Laughter May Boost Immune System

According to an article recently published in Alternative Therapies in Health and Medicine, laughter may reduce stress and increase natural killer cell levels, a type of white blood cell that attacks cancer cells.

Many people experience stress as part of their daily lives. Individuals with health issues, particularly diseases like cancer, often experience a significant increase in their stress levels following a cancer diagnosis. This elevated stress may continue during treatment and after its completion. A few studies have suggested that stress appears to negatively impact health. Other research has reported that a weak immune system, as measured by low numbers of natural killer cells, appears to decrease patient resistance to disease and increase likelihood of death among cancer patients.

Researchers are beginning to investigate therapies that may alleviate stress and correspondingly improve immune response. Most of these therapies are considered complementary and alternative medicine (CAM). Mind-body interventions, a type of CAM, are often used to address stress issues. These techniques claim to alter a patient's mental state and create a corresponding shift in their physical body. Examples of mind-body interventions include meditation, music therapy, and laughter.

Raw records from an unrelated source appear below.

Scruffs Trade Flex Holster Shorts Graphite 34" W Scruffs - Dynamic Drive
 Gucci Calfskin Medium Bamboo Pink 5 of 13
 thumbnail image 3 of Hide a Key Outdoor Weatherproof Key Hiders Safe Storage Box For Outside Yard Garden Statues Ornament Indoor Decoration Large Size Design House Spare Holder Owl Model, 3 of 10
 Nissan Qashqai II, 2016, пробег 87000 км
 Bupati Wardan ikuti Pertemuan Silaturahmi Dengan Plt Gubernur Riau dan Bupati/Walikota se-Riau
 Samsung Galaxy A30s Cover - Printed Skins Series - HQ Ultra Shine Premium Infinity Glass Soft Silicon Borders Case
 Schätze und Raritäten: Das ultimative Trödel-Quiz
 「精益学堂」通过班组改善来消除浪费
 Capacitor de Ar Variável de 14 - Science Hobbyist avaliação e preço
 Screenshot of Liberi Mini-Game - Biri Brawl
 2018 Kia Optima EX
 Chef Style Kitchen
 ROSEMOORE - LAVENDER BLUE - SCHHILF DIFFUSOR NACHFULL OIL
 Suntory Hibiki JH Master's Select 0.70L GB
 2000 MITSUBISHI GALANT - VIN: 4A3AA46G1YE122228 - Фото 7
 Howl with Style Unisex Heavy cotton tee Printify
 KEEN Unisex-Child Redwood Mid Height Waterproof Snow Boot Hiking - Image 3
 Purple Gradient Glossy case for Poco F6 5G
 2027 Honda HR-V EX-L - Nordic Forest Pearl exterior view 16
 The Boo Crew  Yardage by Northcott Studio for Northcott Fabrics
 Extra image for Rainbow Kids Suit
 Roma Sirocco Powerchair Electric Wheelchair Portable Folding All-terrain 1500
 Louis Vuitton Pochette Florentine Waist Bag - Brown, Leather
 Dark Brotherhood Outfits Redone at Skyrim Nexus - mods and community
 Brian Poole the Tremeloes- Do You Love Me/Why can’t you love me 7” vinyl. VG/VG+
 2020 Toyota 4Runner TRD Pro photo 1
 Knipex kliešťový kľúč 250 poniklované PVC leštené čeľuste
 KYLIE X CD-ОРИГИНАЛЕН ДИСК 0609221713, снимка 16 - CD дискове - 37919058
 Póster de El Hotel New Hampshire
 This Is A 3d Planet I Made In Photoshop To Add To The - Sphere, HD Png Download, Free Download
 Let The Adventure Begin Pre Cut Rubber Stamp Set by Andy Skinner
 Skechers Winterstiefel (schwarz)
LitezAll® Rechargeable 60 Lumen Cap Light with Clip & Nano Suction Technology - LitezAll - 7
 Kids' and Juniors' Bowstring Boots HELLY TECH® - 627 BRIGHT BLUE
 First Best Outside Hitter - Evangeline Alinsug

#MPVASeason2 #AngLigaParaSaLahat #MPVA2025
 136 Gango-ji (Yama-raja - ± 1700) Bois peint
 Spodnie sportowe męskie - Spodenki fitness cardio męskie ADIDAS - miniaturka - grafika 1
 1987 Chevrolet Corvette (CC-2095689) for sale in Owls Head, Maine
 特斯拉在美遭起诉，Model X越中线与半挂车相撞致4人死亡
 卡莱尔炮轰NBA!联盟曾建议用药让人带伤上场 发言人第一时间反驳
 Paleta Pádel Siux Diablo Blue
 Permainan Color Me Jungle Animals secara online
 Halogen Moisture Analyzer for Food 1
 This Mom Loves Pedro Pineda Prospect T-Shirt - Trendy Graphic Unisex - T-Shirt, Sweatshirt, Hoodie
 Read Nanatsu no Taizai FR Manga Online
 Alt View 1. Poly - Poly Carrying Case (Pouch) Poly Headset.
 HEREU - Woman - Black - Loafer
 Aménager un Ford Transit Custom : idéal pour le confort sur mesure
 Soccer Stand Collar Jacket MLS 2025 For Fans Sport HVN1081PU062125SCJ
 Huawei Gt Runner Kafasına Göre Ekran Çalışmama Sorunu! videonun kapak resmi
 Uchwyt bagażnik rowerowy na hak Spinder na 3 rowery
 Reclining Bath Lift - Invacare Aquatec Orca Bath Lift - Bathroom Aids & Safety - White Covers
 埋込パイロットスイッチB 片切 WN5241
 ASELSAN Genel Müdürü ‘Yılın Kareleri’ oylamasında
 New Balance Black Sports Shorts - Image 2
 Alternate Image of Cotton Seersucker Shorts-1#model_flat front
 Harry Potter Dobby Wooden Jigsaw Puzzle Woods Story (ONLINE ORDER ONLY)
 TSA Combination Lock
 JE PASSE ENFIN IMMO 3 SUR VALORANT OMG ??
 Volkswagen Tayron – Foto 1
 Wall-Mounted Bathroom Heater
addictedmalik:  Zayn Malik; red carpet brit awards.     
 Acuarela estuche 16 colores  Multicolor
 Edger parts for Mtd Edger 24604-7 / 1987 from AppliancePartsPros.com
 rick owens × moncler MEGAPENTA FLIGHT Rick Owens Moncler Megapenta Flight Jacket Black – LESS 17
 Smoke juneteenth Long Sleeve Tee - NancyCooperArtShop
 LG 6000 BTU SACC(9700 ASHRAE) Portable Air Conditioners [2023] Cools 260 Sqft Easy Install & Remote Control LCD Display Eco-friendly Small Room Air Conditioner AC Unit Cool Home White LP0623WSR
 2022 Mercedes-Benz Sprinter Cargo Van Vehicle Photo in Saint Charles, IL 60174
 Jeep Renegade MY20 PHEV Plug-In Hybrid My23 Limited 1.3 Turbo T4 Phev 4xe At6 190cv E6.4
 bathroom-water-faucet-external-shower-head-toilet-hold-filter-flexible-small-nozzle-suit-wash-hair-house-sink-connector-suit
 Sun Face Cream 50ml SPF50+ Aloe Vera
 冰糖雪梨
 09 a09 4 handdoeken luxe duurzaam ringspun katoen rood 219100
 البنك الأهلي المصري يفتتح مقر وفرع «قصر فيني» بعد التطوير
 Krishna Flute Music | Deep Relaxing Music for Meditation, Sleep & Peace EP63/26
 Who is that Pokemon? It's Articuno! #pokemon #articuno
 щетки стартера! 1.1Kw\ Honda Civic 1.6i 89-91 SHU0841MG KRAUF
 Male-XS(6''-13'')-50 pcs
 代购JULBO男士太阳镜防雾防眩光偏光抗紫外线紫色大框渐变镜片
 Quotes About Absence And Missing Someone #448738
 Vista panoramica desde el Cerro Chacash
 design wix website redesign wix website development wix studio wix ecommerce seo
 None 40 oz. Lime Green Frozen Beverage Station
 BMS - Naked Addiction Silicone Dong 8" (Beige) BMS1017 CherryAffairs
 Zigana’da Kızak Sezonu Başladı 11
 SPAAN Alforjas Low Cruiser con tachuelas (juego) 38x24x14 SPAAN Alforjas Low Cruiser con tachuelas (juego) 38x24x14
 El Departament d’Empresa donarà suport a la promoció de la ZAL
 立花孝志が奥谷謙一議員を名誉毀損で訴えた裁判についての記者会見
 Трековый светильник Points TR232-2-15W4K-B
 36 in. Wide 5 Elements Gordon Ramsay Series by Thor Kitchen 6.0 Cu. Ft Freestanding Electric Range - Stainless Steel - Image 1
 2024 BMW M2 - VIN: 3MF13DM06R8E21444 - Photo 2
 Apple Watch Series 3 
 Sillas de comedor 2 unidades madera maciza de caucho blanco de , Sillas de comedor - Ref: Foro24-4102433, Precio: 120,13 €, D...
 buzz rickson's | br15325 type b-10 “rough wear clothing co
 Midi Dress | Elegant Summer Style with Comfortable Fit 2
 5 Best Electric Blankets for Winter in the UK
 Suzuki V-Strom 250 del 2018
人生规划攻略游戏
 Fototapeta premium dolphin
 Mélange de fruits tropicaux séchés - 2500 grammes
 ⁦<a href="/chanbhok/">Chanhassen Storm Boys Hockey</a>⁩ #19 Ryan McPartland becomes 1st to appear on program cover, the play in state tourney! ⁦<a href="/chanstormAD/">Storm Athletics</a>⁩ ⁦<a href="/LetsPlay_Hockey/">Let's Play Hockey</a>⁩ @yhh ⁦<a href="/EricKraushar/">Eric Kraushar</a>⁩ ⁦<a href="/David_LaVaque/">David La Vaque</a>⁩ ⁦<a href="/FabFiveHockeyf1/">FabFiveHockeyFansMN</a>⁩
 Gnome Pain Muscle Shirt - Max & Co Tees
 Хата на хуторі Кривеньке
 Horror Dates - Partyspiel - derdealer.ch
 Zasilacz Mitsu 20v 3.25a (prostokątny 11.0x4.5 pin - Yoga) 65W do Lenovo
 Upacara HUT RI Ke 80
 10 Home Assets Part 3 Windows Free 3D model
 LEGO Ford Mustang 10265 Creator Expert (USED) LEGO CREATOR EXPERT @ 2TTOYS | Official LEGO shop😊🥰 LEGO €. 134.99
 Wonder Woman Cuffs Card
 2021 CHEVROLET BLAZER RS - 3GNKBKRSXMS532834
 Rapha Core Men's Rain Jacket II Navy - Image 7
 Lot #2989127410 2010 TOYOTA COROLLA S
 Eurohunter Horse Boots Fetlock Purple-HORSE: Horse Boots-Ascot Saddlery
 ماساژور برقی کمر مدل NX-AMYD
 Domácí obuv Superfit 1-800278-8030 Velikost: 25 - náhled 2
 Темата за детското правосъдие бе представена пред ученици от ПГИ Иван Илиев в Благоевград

Most people would say they feel better during, or immediately following, a bout of laughter. Patch Adams, a doctor well-known for his advocacy of laughter and humor in hospitals, has gone so far as to start a free hospital in rural West Virginia. In Japan, laughter clubs are becoming more popular. Interestingly, a survey of rural Midwestern cancer patients reported that humor was one of their most frequently used CAM therapies.

Scientists are also beginning to explore laughter by conducting clinical trials that measure specific changes in psychological and physical well-being that appear to result from laughing. In one study, conducted at the Indiana State University Sycamore Nursing Center, 33 healthy adult women were divided into two groups. The treatment group watched a humorous video, while the control group viewed a tourism video. All participants completed questionnaires regarding their stress and humor levels before and after watching their videos. In addition, blood drawn before and after treatment was tested for natural killer cell levels.

Compared to the control group, the laughter group reported a significant decrease in stress following treatment. Their stress level appeared inversely correlated with their level of mirthful laughter. Participants with high scores on the humor questionnaire also had significantly higher numbers of natural killer cells after treatment. The laughing participants' natural killer cell levels were significantly higher than those of the control group too.